涙の5度目の2位…ハルがKordaとのライバル関係に待った「まずはメジャーを獲らせて」
全英女子オープン(AIG Women’s Open)が目前に迫るなか、イングランド期待の星、シャーリー・ハル(世界ランク7位)が自身の置かれた現状を赤裸々に語った。ロイヤル・ライサム・アンド・セント・アンズで行われる今大会、彼女は「まずはメジャーを獲らせてほしい」と、世界No.1ネリー・コルダとのライバル関係を一笑に付した。
「今のところ、ライバル視はしていない。悪意はないけど、ネリーは何度もメジャーを獲っている。私はゼロだ。
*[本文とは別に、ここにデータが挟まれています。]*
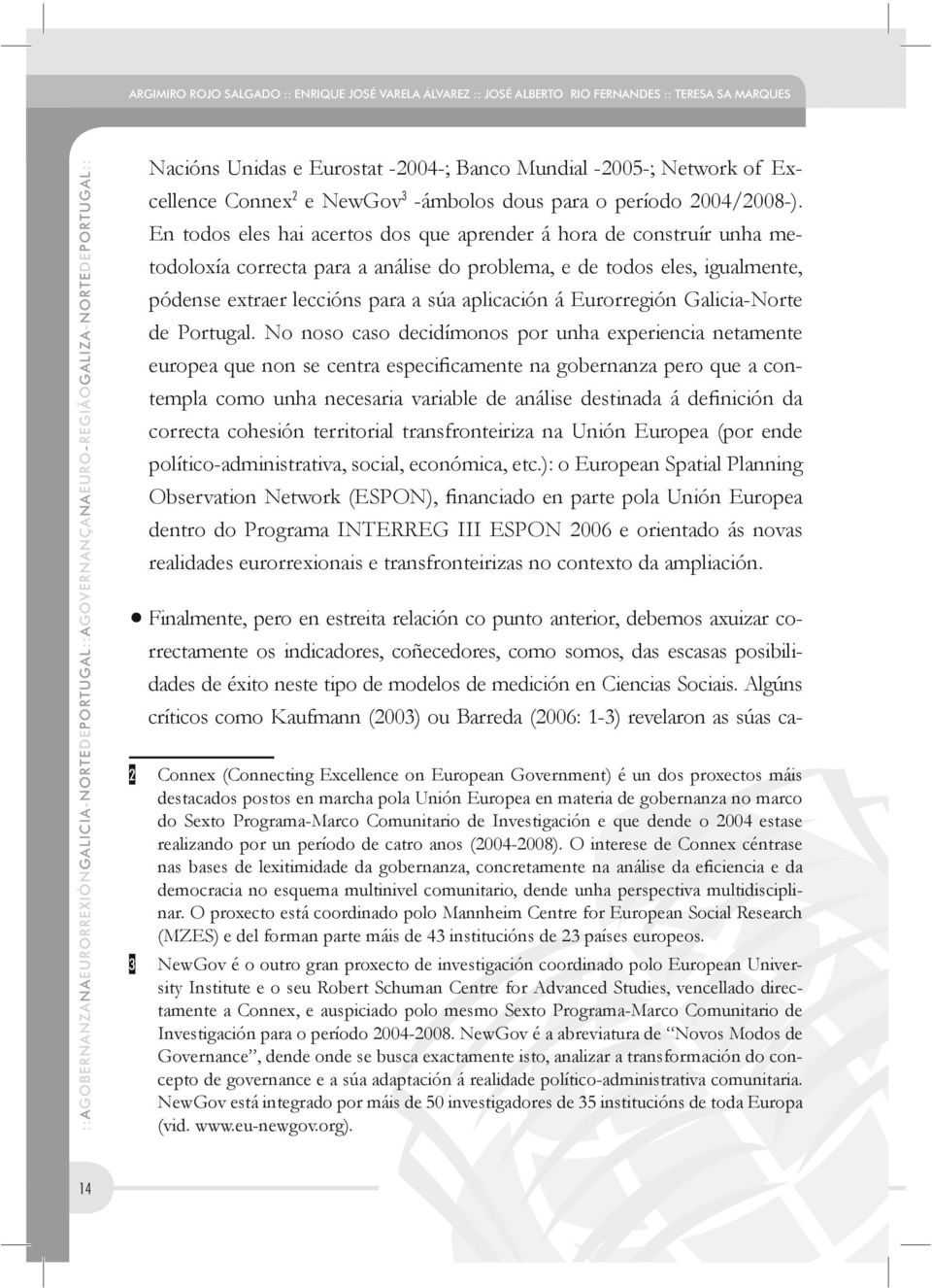 -ámbolos dous para o período 2004/2008-).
2位が5回もある。まずは自分がメジャーを勝ってから、その話はしよう」とハル。6月の全米女子オープンではコルダに敗れ、またしても2位に終わったばかり。過去3年で2度、この大会で2位になっており、その悔しさは並々ならぬものがある。「メジャーで5回も2位って、結構こたえるよ。去年の優勝者のポスターを見て、『あれが自分だったらな』って思っちゃうんだ」
一方で、ハルはライバルへのリスペクトも忘れない。「ネリーがゴルフ界にもたらしているものは信じられないほど素晴らしい。見ていて本当に楽しいし、彼女はいい人でもある」と称賛。
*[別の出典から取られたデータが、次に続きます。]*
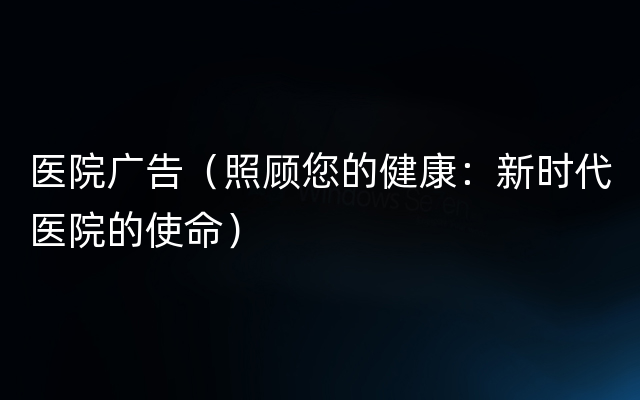 医院广告（照顾您的健康：新时代医院的使命）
直近の試合では苦しい戦いが続いている。先週のISPSハンダ・ウィメンズ・スコティッシュ・オープンでは、まさかのトリプルボギー越えの「9」を叩き、44位タイに終わった。原因はパットがグリーンを転がり落ちたこと。「あれは自分が悪い。でもあのピン位置はおかしかった。すぐにコミッショナーにメールしたよ」と振り返る。12フィートのバーディパットが、まさかの大たたきに繋がった瞬間だ。「結局、誰にでもミスはある。でも傾斜のど真ん中にピンがあって、あれはないだろって思った。4回もアプローチを打ち直したよ。でも最終的に10フィートのパットを決めて、自分でもガッツポーズが出た(笑)」と、ユーモアを交えて語った。
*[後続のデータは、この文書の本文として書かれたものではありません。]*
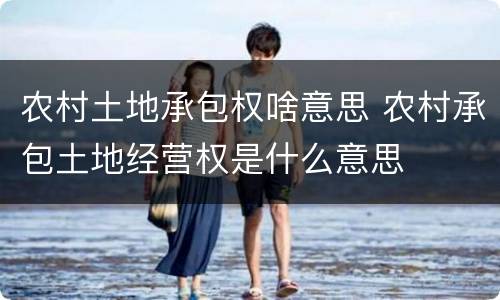 农村土地承包权啥意思 农村承包土地经营权是什么意思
同胞のロッティ・ウォッド(世界ランク5位)も、このリンクスコースでのメジャー制覇に意欲を見せる。「イギリス人選手にとって、この大会はドリームだ。リンクスは好きだし、風が強いタフなコースも楽しみ。アメリカではなかなか打てないようなショットができるから、特別なんだ」と語り、今後のソルハイムカップ出場も視野に、好調をアピールしている。
果たしてハルは、7度目の正直で悲願のメジャー初制覇を成し遂げるのか。それともコルダが圧倒的な強さを見せるのか。熱い戦いが、いま始まる。